• Exercise requirements
Give as output the line that contains "Soutien-gorge avec armature", followed by every remaining line of the entries, unchanged and with nothing added.

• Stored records
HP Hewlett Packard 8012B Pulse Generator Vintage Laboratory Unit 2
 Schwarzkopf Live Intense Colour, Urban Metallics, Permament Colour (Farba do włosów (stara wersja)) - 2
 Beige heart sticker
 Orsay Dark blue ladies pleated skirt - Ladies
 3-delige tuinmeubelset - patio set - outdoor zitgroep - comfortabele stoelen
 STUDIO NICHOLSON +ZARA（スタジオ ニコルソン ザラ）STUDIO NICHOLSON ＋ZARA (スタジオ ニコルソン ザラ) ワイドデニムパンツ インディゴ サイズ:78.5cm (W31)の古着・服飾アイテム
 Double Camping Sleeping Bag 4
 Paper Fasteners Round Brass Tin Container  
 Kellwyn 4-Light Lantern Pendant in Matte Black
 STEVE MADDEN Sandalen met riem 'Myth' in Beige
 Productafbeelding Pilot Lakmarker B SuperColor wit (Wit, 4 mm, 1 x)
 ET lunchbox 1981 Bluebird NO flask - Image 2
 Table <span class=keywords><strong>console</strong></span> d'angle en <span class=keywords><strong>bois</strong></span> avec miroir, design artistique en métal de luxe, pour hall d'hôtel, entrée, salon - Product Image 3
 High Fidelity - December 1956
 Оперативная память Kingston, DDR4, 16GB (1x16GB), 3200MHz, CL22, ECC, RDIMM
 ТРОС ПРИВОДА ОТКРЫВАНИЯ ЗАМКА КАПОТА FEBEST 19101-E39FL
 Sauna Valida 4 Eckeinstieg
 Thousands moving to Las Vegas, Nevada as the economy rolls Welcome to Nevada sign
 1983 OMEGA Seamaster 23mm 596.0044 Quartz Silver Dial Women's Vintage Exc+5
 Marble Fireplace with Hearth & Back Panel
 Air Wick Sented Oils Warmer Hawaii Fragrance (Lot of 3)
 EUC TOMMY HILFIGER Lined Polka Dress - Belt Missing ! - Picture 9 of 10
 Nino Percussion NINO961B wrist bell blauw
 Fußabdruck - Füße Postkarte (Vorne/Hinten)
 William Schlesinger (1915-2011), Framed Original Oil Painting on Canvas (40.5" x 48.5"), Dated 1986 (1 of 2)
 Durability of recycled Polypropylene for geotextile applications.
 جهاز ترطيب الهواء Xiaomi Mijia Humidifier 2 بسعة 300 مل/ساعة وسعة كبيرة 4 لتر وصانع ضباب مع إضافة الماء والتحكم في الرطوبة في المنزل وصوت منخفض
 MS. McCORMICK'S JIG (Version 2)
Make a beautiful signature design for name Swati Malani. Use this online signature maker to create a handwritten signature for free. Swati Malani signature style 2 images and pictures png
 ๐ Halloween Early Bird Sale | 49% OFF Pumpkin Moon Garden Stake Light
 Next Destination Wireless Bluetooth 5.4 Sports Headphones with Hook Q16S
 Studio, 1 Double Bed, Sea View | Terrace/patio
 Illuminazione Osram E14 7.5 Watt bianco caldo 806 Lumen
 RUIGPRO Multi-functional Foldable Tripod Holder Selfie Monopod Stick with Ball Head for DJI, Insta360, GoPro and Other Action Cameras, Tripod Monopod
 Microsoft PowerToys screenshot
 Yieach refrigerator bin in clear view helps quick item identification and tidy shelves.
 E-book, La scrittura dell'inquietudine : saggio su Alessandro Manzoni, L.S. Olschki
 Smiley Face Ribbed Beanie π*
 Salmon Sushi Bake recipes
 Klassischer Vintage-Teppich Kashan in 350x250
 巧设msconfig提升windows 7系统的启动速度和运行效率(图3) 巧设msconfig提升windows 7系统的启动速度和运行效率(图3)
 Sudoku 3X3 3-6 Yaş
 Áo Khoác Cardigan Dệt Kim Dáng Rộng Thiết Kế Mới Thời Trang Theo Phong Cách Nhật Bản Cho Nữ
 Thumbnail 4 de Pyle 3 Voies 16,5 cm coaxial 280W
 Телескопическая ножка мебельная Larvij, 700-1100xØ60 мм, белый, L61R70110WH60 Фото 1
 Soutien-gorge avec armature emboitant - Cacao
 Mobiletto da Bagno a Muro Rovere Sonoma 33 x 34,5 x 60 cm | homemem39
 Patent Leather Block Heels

• Written response
 Soutien-gorge avec armature emboitant - Cacao
 Mobiletto da Bagno a Muro Rovere Sonoma 33 x 34,5 x 60 cm | homemem39
 Patent Leather Block Heels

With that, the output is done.